There’s no Pick-a-Bagel around here so I popped into a nearby cafe which makes a big deal about serving organic, fair-trade coffee.  But they also have sandwiches and, yes, bagels.

I said to the girl, “Could I get a bagel with tuna salad?” to which the girl replied, “Tuna salad. . .on a BAGEL???” like it was the weirdest fucking thing she ever heard.

“Yes,” I said.  “Tuna salad on a bagel.”

“So, like a sandwich, but with a bagel?”


She bent over the cash register, trying to figure out how to ring me up.  “That’ll be $10.95.”


She explained that the sandwich platters came with salad, hence the ridiculous price.

“All I want,” I said, “is a bagel with tuna.  Like instead of a bagel with butter, imagine a bagel with tuna.”  I didn’t say “imagine” but really wanted to.

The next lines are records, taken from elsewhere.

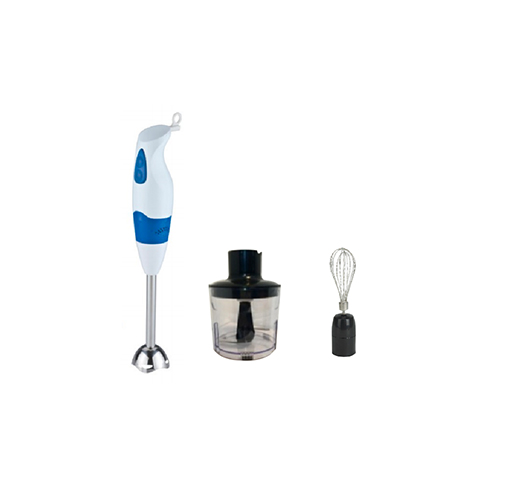 Hand Blender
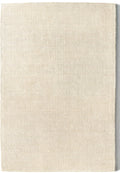 Orient Orient Ivory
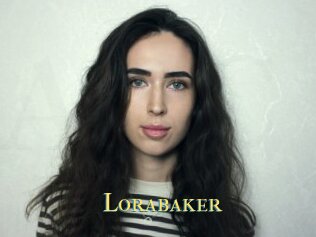 Lorabaker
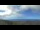 Webcam in Puntagorda (La Palma), 455.8 km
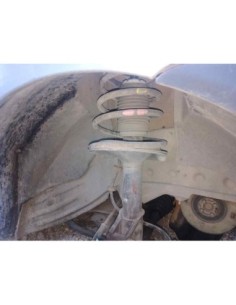 AMORTIGUADOR DELANTERO DERECHO FIAT I DOBLÒ (223) CARGO -...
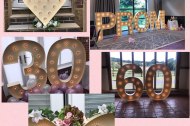 Light Up Occasions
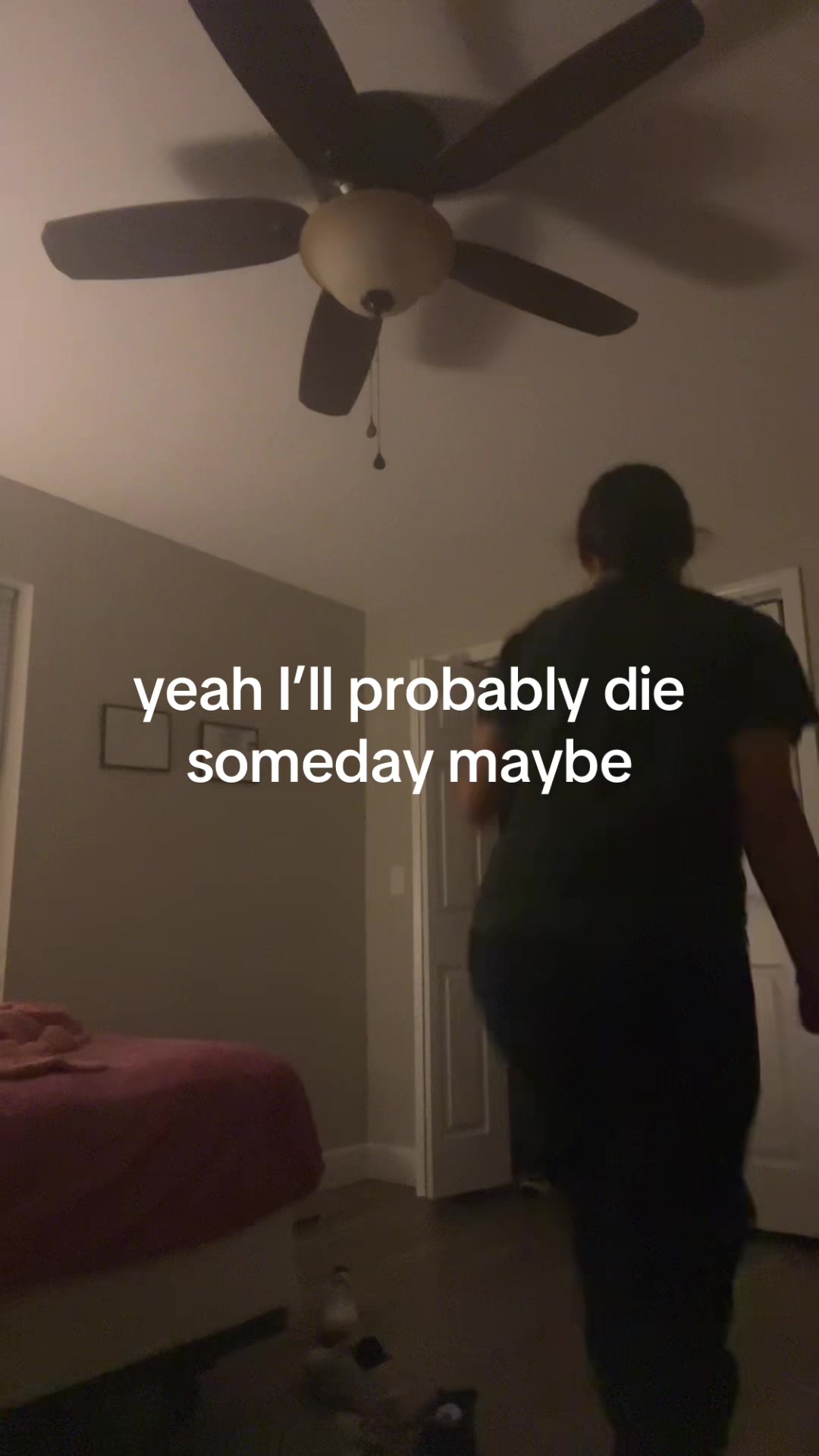 @nicky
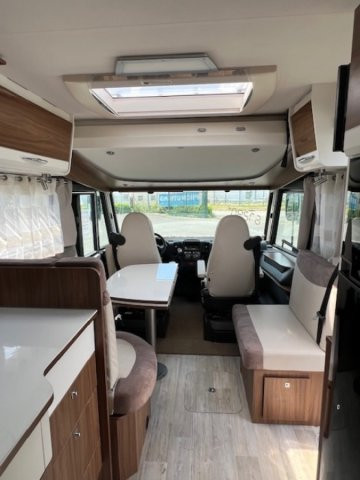 Pilote G 740 C Essentiel - Photo 10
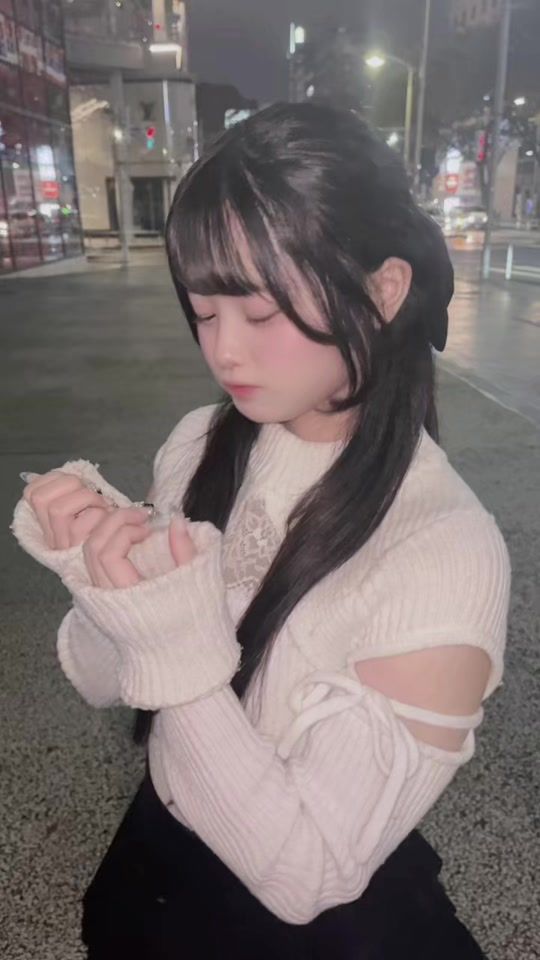 TikTok video thumbnail by yuachannnn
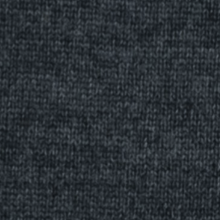 Johnnie-O Raynor Merino 1/4 Zip Sweater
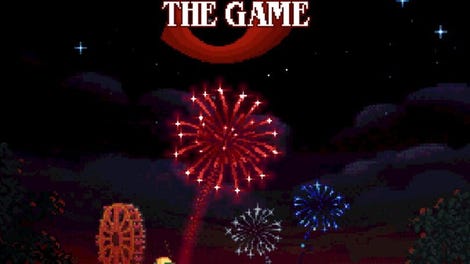 Stranger Things 3: The Game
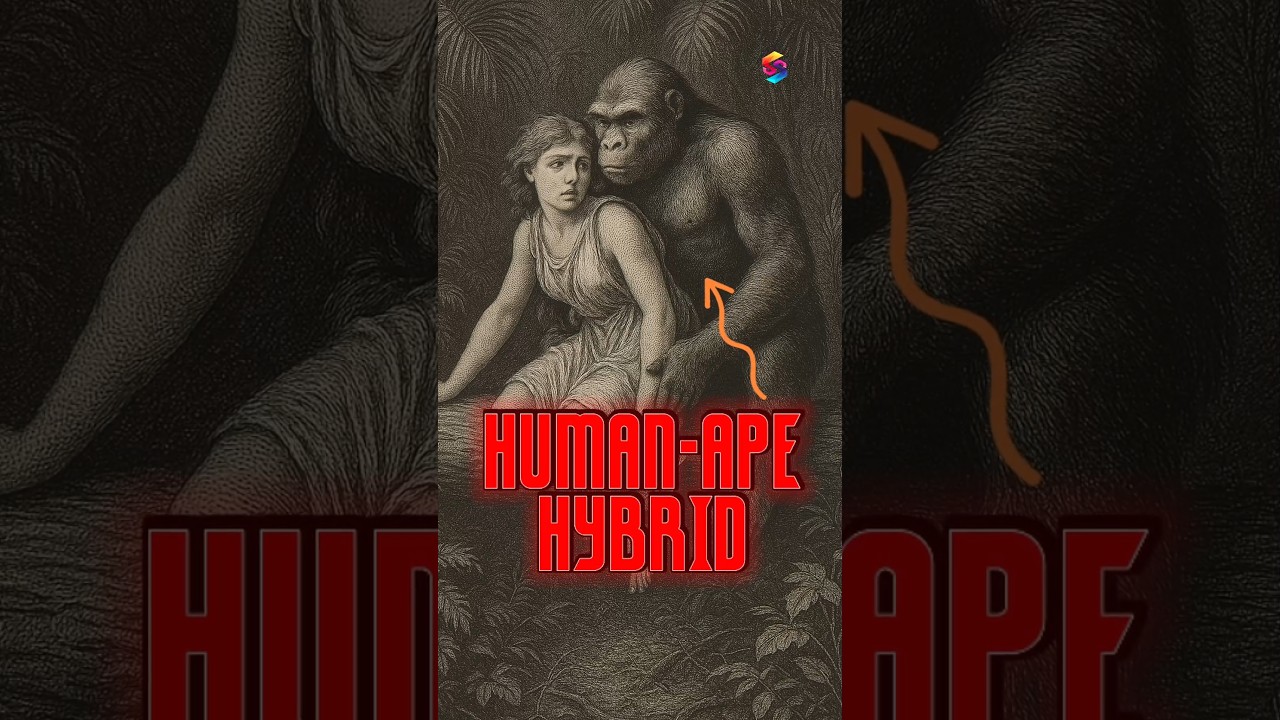 The Most Disturbing Experiment in History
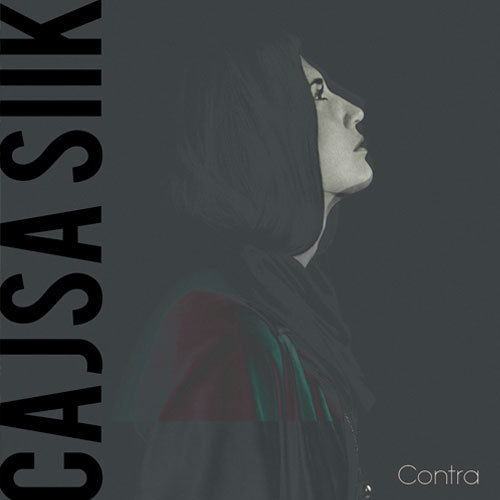 Ecoutez : Contra (2014)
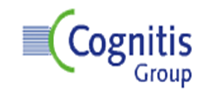 Coach de vente Conseil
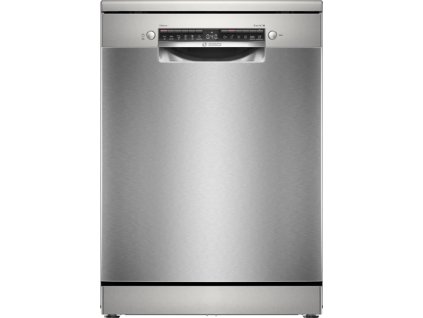 Bosch SMS4HTI16E myčka 60 cm solo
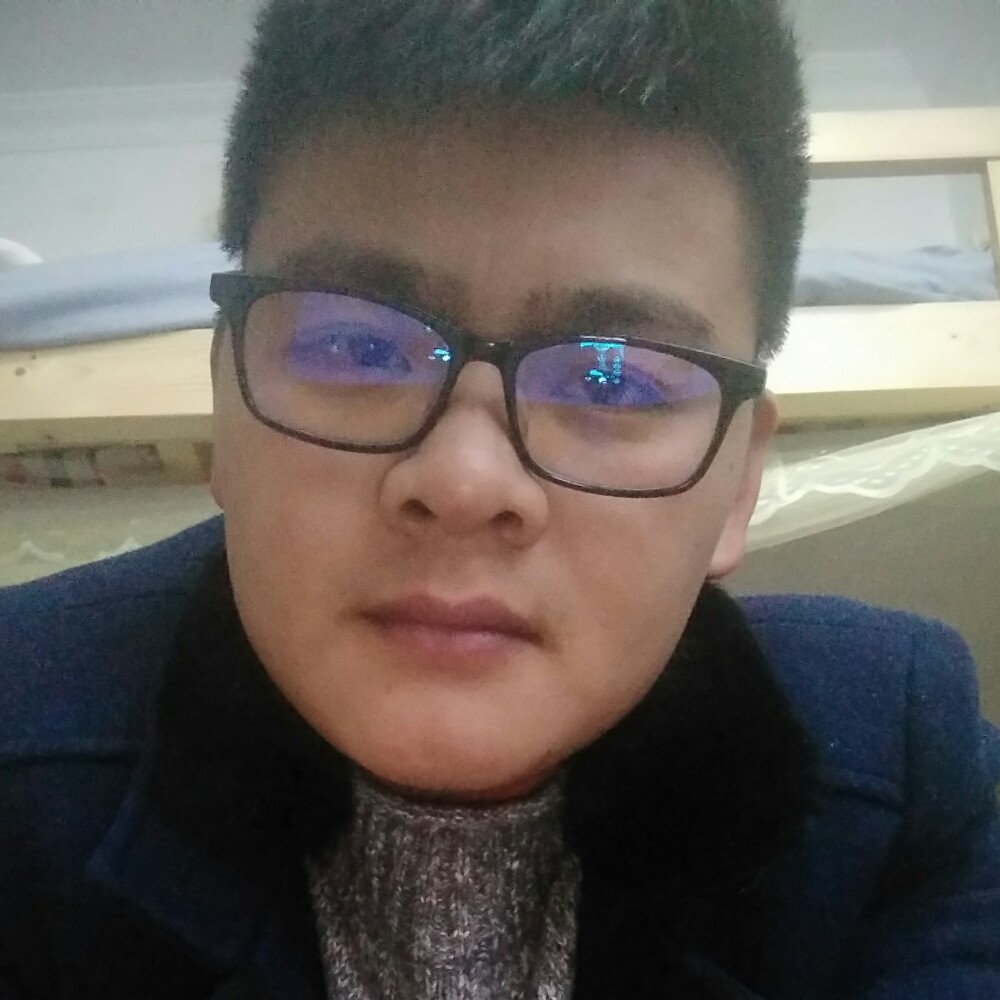 浅唱  未来的照片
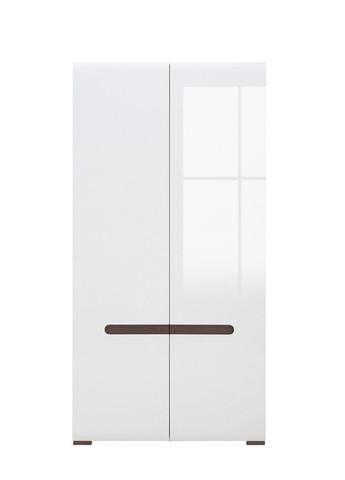 Вітальня Ацтека Глянець Білий/Венге магія БРВ-Україна (301992928)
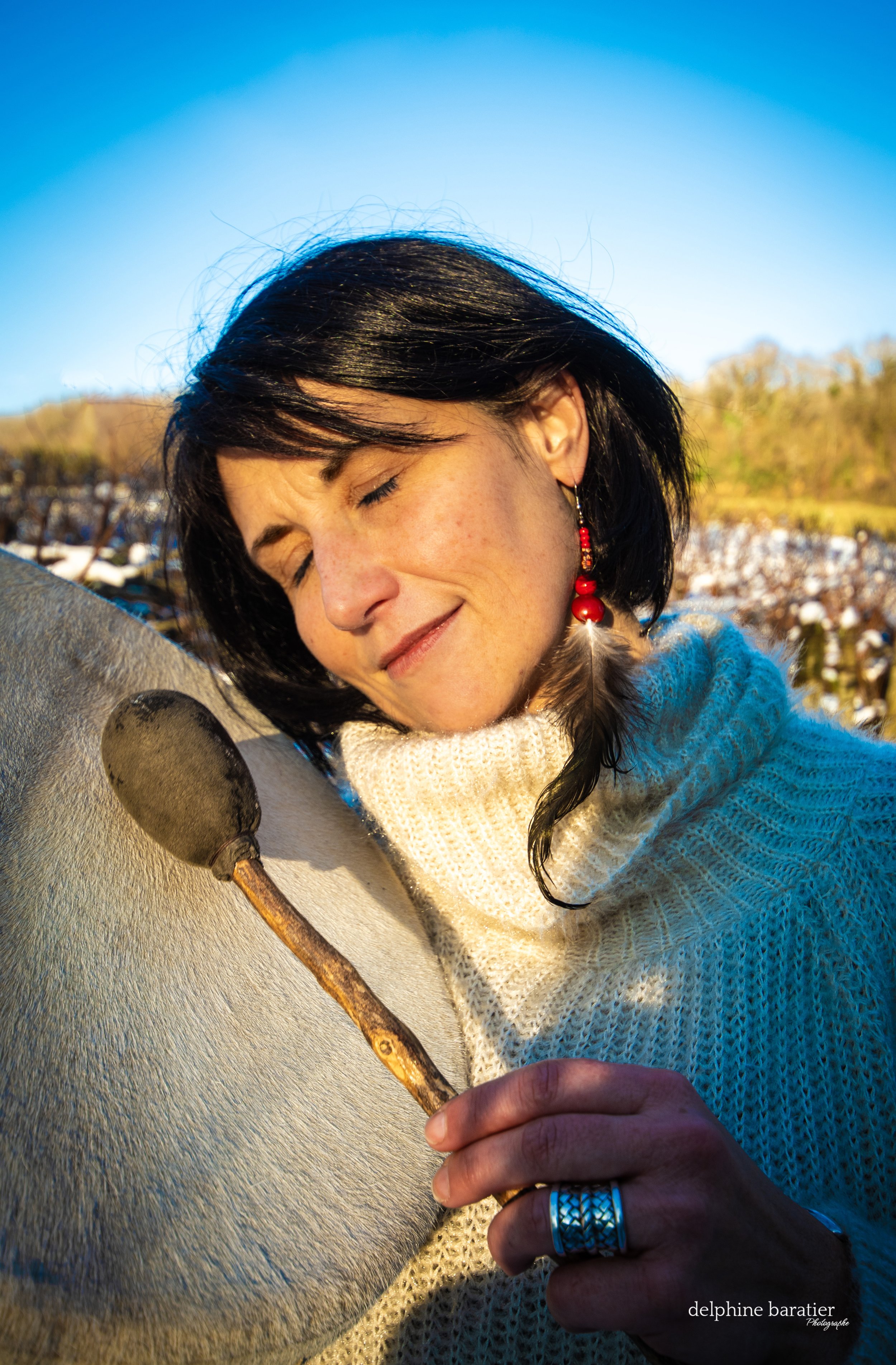 Myriam Guéraud - Photo Delphine Baratier 4.jpg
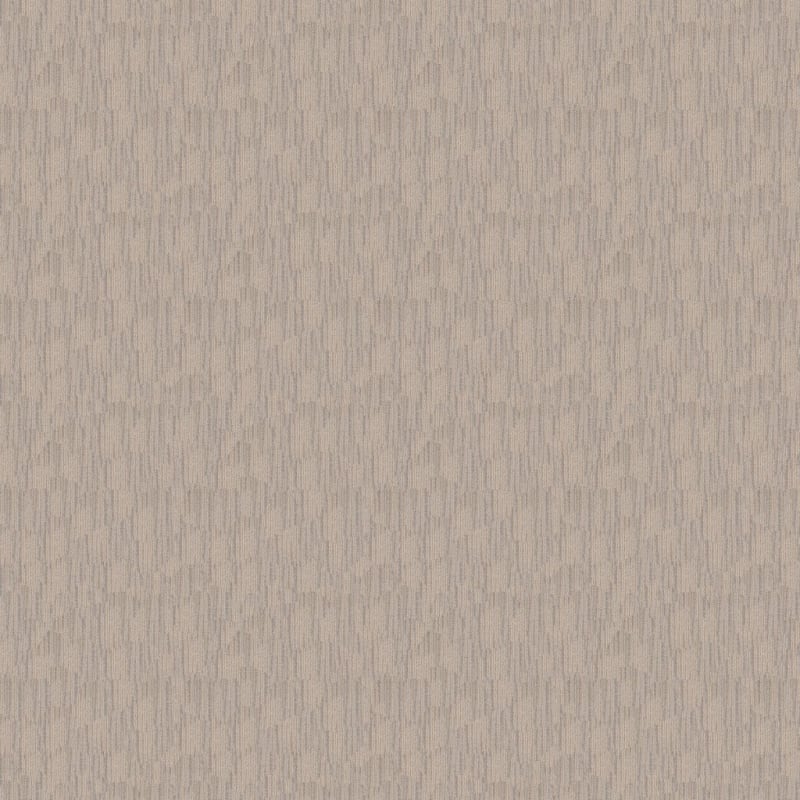 Artist View carpet by Masland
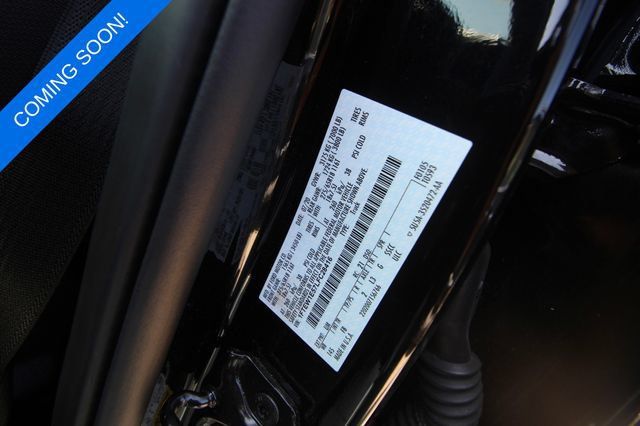 Used 2020 Ford F150 XLT AWD/4WD image 7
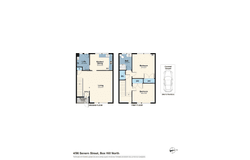 4/96 Severn Street, Box Hill North, Vic 3129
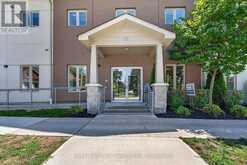 204 - 25 KING STREET | Lindsay Ontario | Slide Image Thirty-two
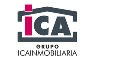 Logo de Grupo Icainmobiliaria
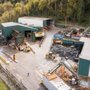 Photo of Greenway Recycling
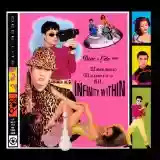 Deee-Lite: Infinity Within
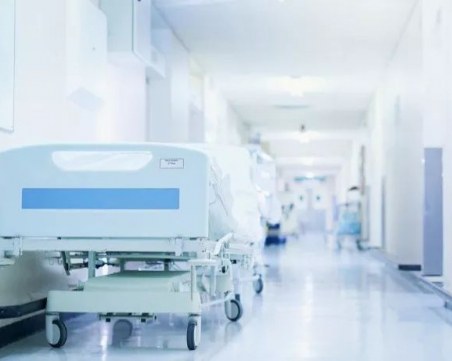 Фрапиращи афери в болница! Източени са хиляди с фиктивни европроекти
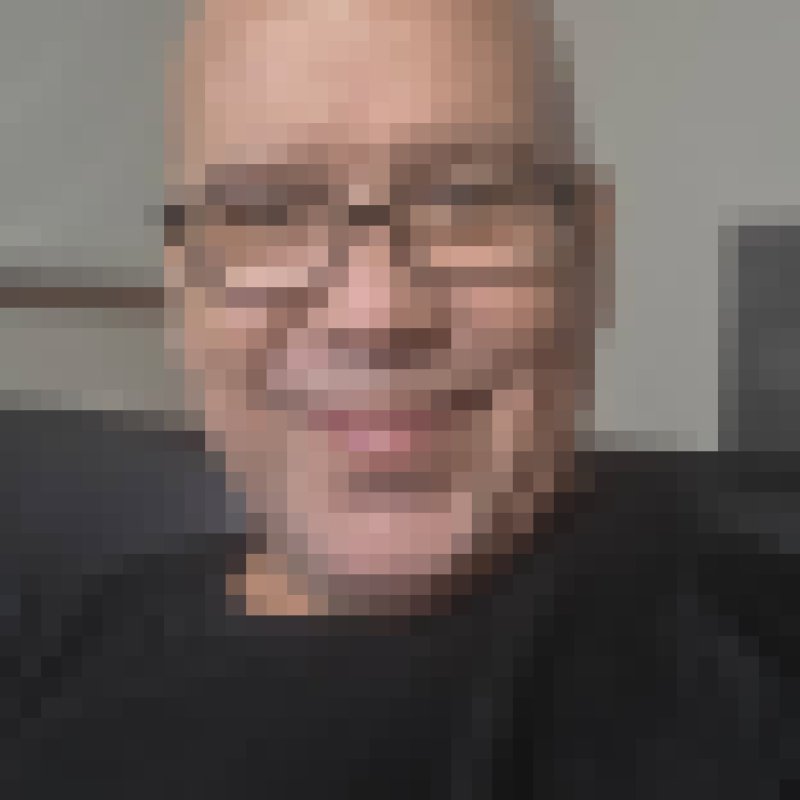 Miguel, 51, Bagan Si Apiapi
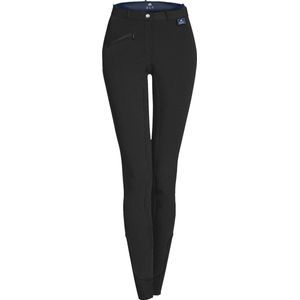 Waldhausen Fun Sport Breeches, Kids Katoen 134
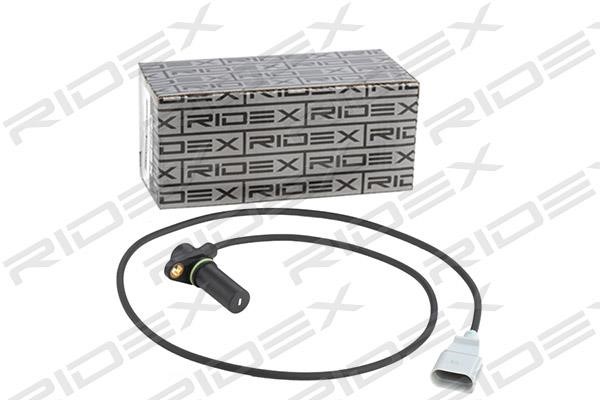 Ridex 3946S0049 Crankshaft position sensor 3946S0049: Buy near me in Poland at 2407.PL - Good price!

She finally figured it out.

I mean, I know it’s not so common around here, but you have bagels, you have tuna salad – voila, you have a bagel with tuna salad.

Voi-fucking-la.  Dumbshit.


  1. Never order bagels or pizza in California, or at least don’t expect them to resemble the staples of NYC. It’s like ordering shrimp cocktail in a landlocked state, or wine in a dive bar.

  2. Check and see if Noah’s does them, they claim to be all NY bagel-like :)

  3. So what price did you end up agreeing upon?